PROBLEM DETAILS: The required output is the stretch from the line containing "The splint module allows" through the line containing "The next control" in the records below, unaltered and with no pictures.

DATA FOR ANALYSIS:

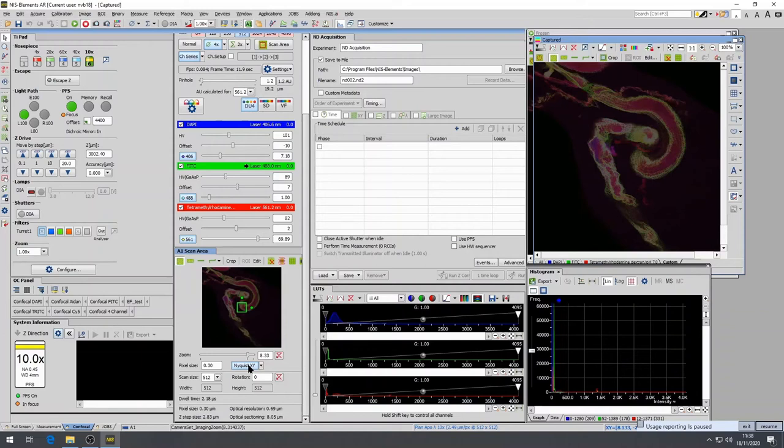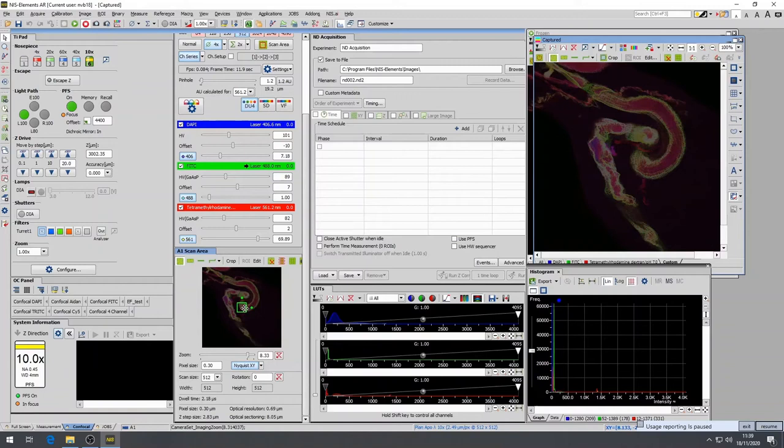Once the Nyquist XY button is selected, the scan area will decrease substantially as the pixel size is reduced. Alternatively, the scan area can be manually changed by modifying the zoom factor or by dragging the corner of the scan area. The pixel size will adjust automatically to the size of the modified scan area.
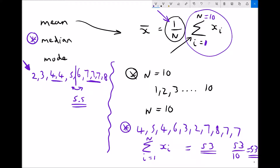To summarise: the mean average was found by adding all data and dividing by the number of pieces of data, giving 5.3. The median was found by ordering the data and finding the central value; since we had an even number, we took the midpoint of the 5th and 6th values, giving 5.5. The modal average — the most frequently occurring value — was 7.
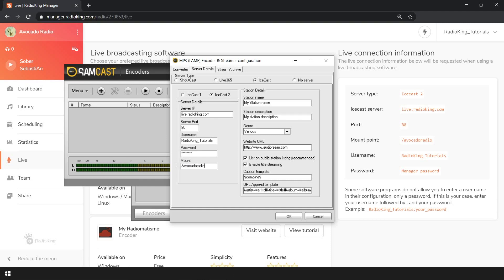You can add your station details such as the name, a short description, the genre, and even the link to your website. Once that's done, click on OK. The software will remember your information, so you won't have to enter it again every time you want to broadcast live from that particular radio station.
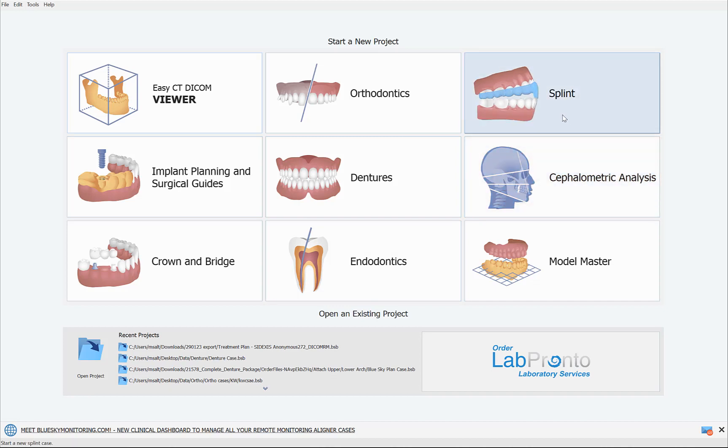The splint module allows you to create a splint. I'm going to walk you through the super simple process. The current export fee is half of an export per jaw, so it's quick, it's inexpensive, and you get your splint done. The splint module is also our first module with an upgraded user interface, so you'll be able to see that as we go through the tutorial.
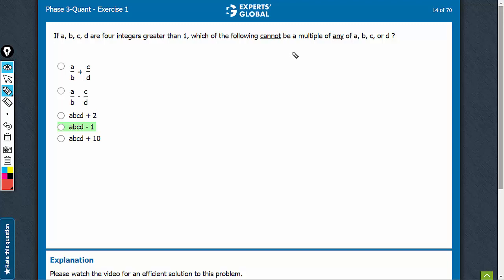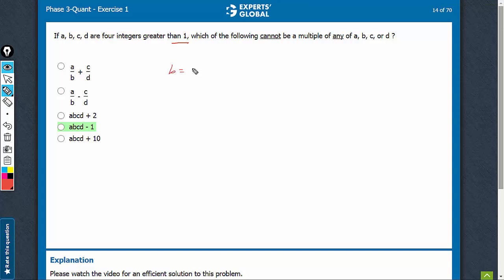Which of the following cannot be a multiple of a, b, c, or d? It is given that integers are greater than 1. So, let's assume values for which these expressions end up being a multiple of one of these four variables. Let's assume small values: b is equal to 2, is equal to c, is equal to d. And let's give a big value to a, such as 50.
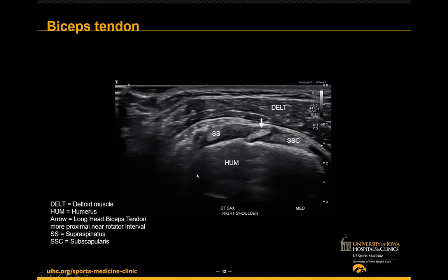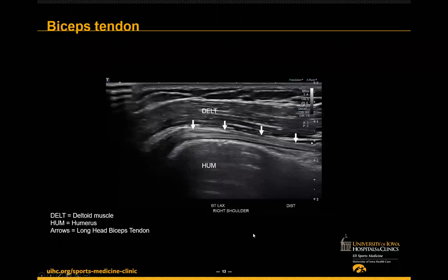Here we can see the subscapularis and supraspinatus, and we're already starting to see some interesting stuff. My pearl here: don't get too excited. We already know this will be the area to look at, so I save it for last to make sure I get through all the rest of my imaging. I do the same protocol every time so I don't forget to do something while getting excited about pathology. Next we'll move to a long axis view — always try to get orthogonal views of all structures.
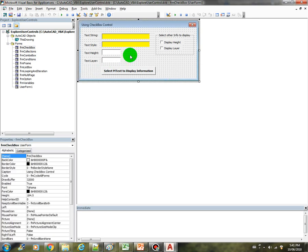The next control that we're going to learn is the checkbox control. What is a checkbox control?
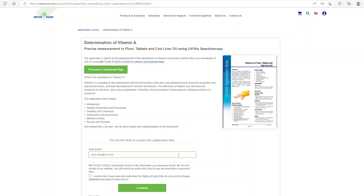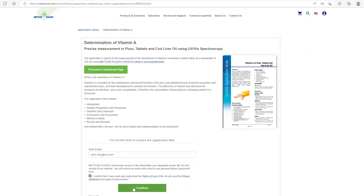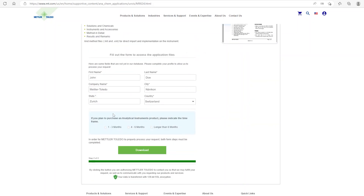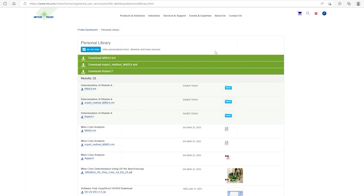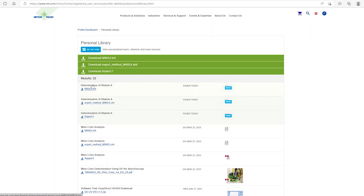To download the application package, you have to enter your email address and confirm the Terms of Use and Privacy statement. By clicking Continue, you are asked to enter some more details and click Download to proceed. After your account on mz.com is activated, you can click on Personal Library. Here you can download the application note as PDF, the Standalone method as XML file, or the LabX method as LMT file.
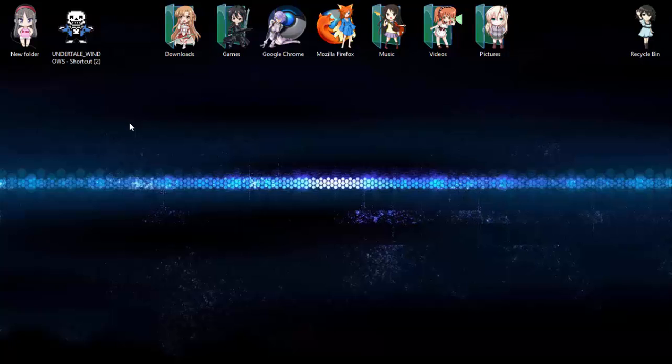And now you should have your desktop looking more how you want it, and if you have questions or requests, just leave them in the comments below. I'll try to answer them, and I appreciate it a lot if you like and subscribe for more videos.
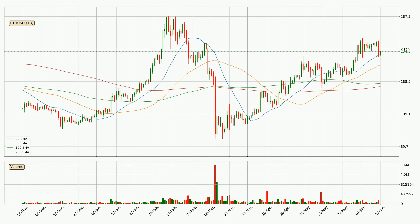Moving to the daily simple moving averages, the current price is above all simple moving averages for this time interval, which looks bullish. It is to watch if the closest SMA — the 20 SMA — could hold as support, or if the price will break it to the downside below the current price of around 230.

EXERCISE OUTPUT:
The splint module allows you to create a splint. I'm going to walk you through the super simple process. The current export fee is half of an export per jaw, so it's quick, it's inexpensive, and you get your splint done. The splint module is also our first module with an upgraded user interface, so you'll be able to see that as we go through the tutorial.
Which of the following cannot be a multiple of a, b, c, or d? It is given that integers are greater than 1. So, let's assume values for which these expressions end up being a multiple of one of these four variables. Let's assume small values: b is equal to 2, is equal to c, is equal to d. And let's give a big value to a, such as 50.
Here we can see the subscapularis and supraspinatus, and we're already starting to see some interesting stuff. My pearl here: don't get too excited. We already know this will be the area to look at, so I save it for last to make sure I get through all the rest of my imaging. I do the same protocol every time so I don't forget to do something while getting excited about pathology. Next we'll move to a long axis view — always try to get orthogonal views of all structures.
The next control that we're going to learn is the checkbox control. What is a checkbox control?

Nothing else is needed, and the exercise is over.